**Instructions for the task:** In the material below, find the span from the line with "South Georgia 1978" to the line with "burnt orange striped crop top" and transcribe only those lines, exactly, ends included, without the pictures.
━━━
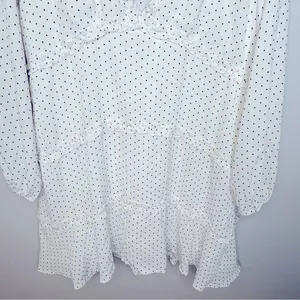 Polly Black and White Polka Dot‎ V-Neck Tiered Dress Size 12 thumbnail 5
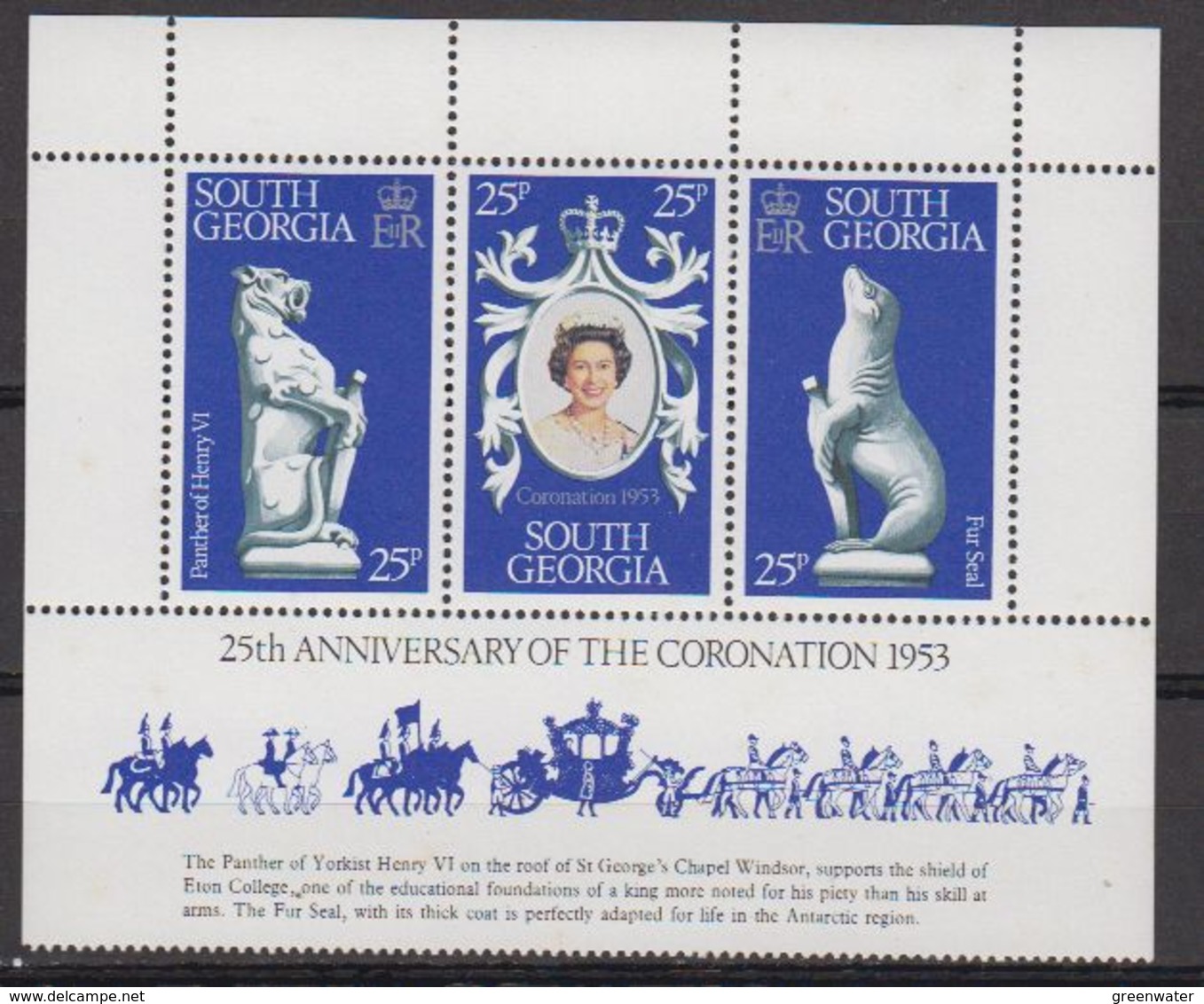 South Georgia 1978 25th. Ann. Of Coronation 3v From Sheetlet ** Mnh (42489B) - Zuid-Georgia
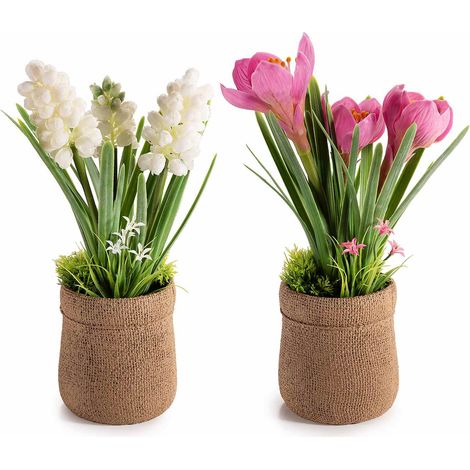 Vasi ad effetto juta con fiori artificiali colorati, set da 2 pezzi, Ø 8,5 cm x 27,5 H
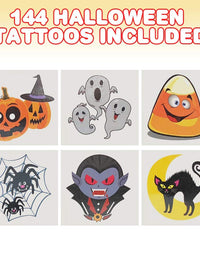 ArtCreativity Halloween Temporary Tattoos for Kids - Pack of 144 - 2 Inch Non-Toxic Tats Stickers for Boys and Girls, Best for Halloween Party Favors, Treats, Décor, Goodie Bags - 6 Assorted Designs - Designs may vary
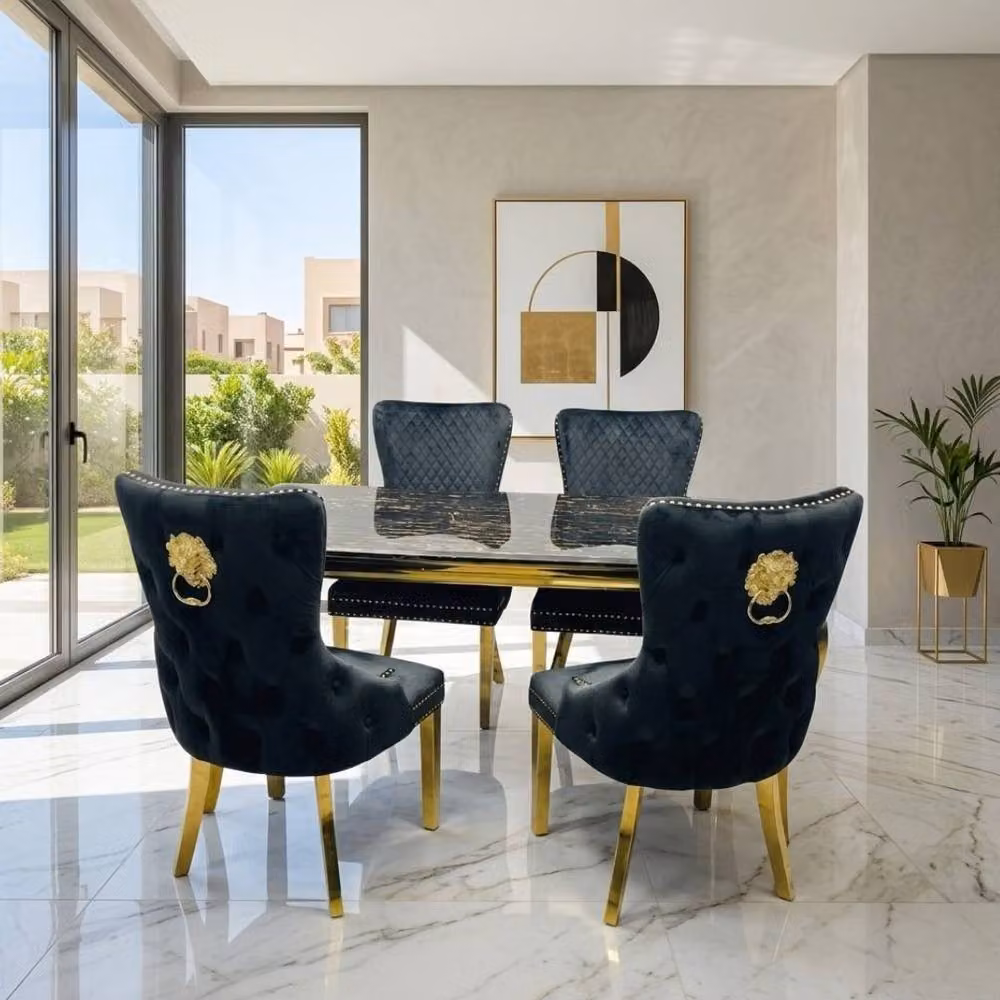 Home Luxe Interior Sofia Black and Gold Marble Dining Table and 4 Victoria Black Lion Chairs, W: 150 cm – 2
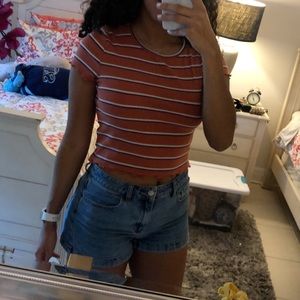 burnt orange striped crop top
━━━
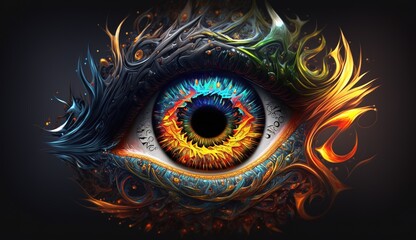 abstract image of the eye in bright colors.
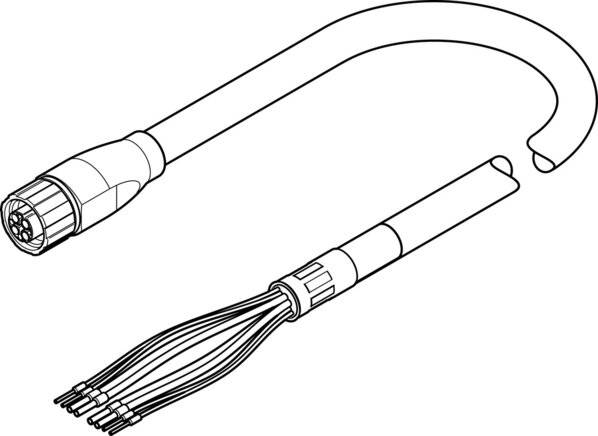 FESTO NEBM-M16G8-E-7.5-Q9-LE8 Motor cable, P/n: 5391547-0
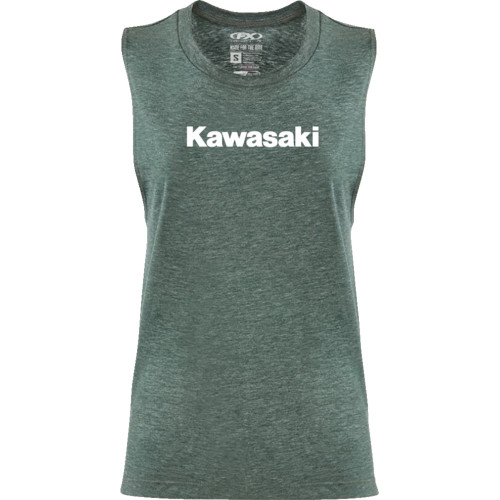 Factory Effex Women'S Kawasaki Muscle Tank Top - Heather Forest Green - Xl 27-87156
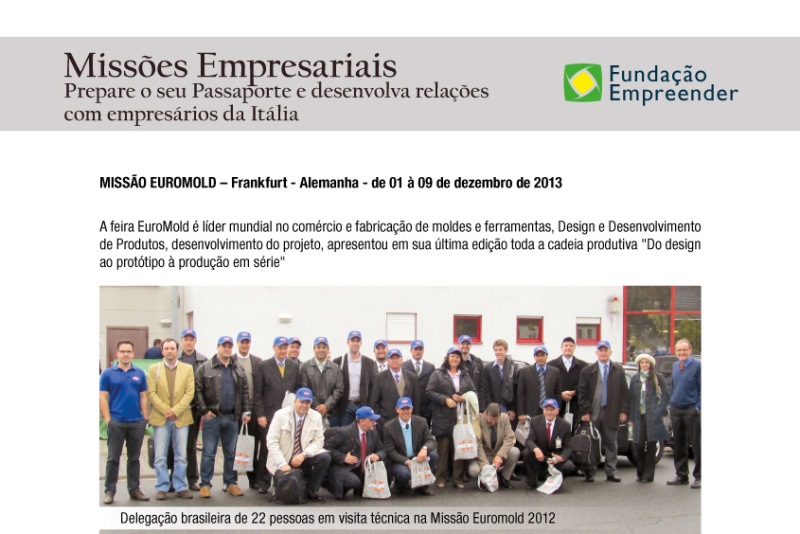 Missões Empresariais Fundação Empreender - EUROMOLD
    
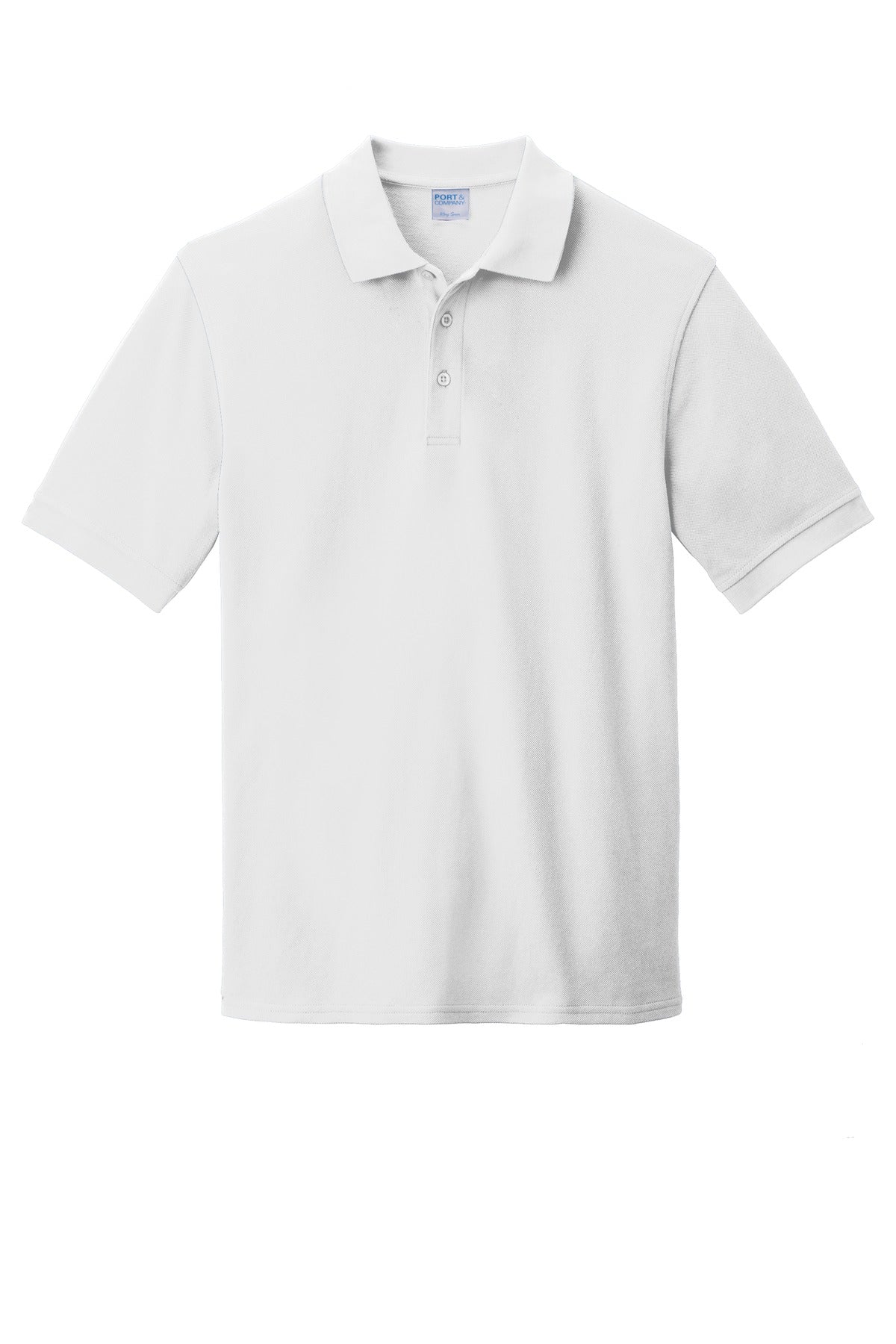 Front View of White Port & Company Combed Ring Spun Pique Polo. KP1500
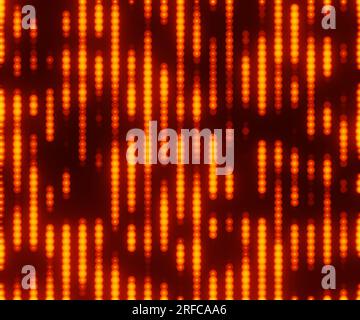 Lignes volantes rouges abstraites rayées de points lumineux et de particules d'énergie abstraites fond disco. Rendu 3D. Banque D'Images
━━━
**Solution below:**
 South Georgia 1978 25th. Ann. Of Coronation 3v From Sheetlet ** Mnh (42489B) - Zuid-Georgia
 Vasi ad effetto juta con fiori artificiali colorati, set da 2 pezzi, Ø 8,5 cm x 27,5 H
 ArtCreativity Halloween Temporary Tattoos for Kids - Pack of 144 - 2 Inch Non-Toxic Tats Stickers for Boys and Girls, Best for Halloween Party Favors, Treats, Décor, Goodie Bags - 6 Assorted Designs - Designs may vary
 Home Luxe Interior Sofia Black and Gold Marble Dining Table and 4 Victoria Black Lion Chairs, W: 150 cm – 2
 burnt orange striped crop top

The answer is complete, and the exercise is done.